• **Task statement**
Your answer must be the exact lines from the one holding "按需印刷不退不换Looking For Dragonflies[9781732844506]" through the last line of the records below, with no pictures.

-------------------------

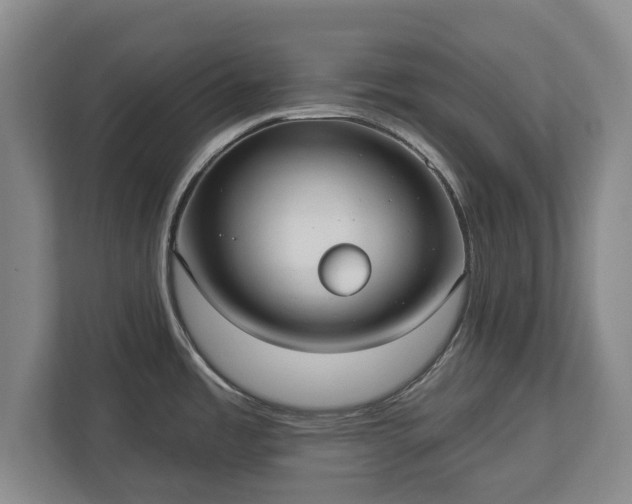 X0000113061485200909041028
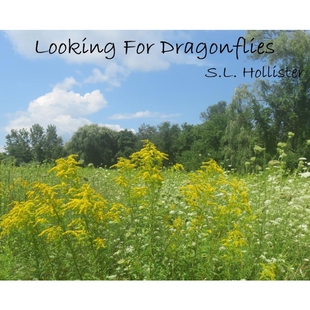 按需印刷不退不换Looking For Dragonflies[9781732844506]
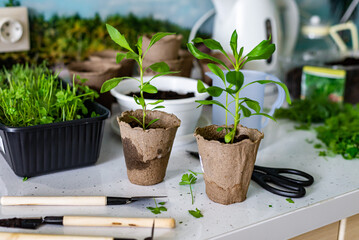 Home gardening and hobby. Flowers and parsley with dill in a pot on a table surrounded by gardening tools and accessories. The background is light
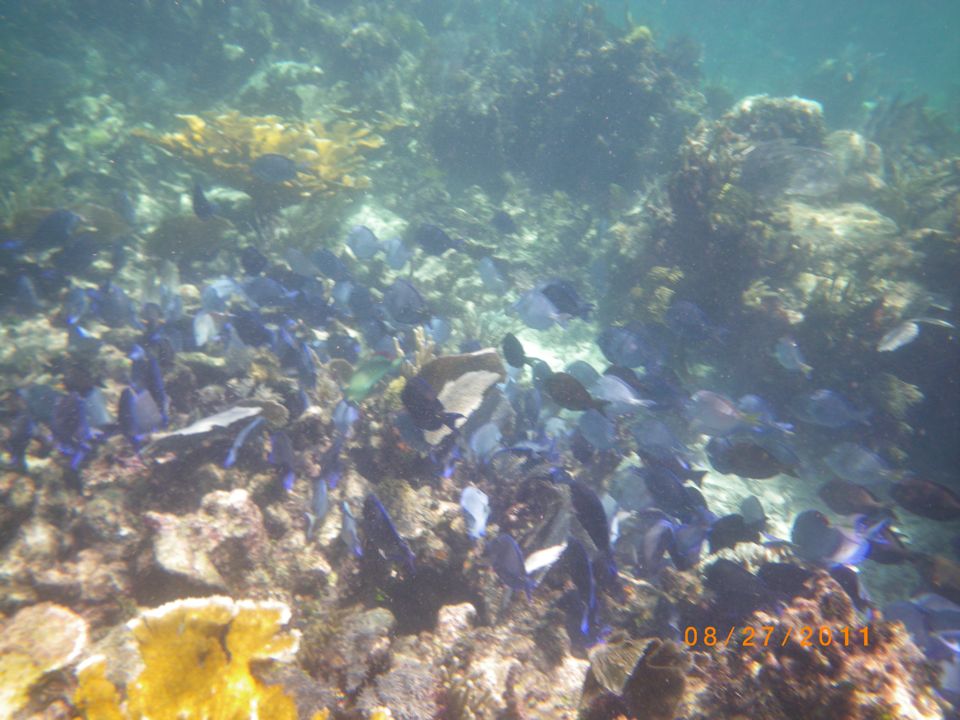 IMGP0964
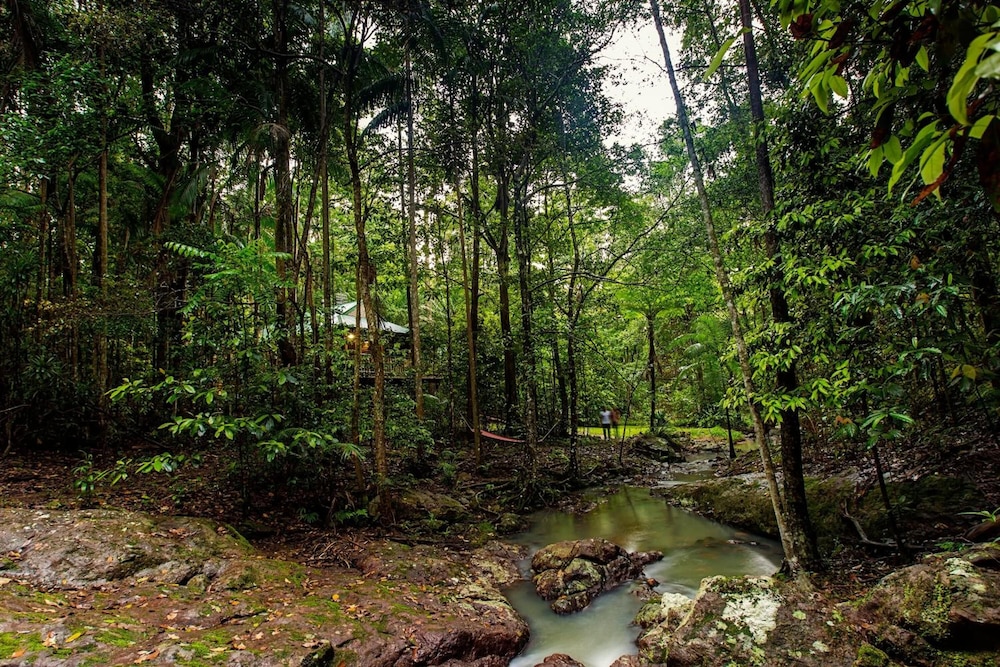NARROWS ESCAPE RAINFOREST RETREAT 37/50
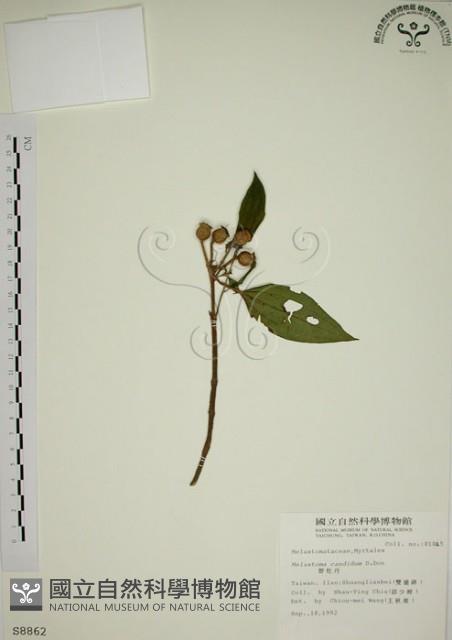 野牡丹藏品圖，第1張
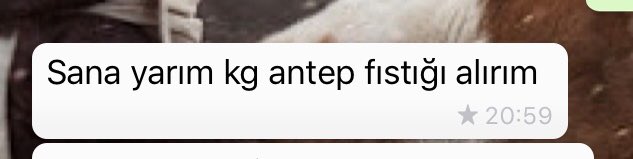 Yeter artık pahalı kuruyemiş zaafımı kullanmayın :’(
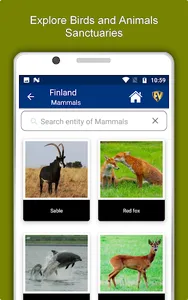 Finland Travel & Explore, Offl screenshot 20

-------------------------

• **Answer to this problem**
 按需印刷不退不换Looking For Dragonflies[9781732844506]
 Home gardening and hobby. Flowers and parsley with dill in a pot on a table surrounded by gardening tools and accessories. The background is light
 IMGP0964
NARROWS ESCAPE RAINFOREST RETREAT 37/50
 野牡丹藏品圖，第1張
 Yeter artık pahalı kuruyemiş zaafımı kullanmayın :’(
 Finland Travel & Explore, Offl screenshot 20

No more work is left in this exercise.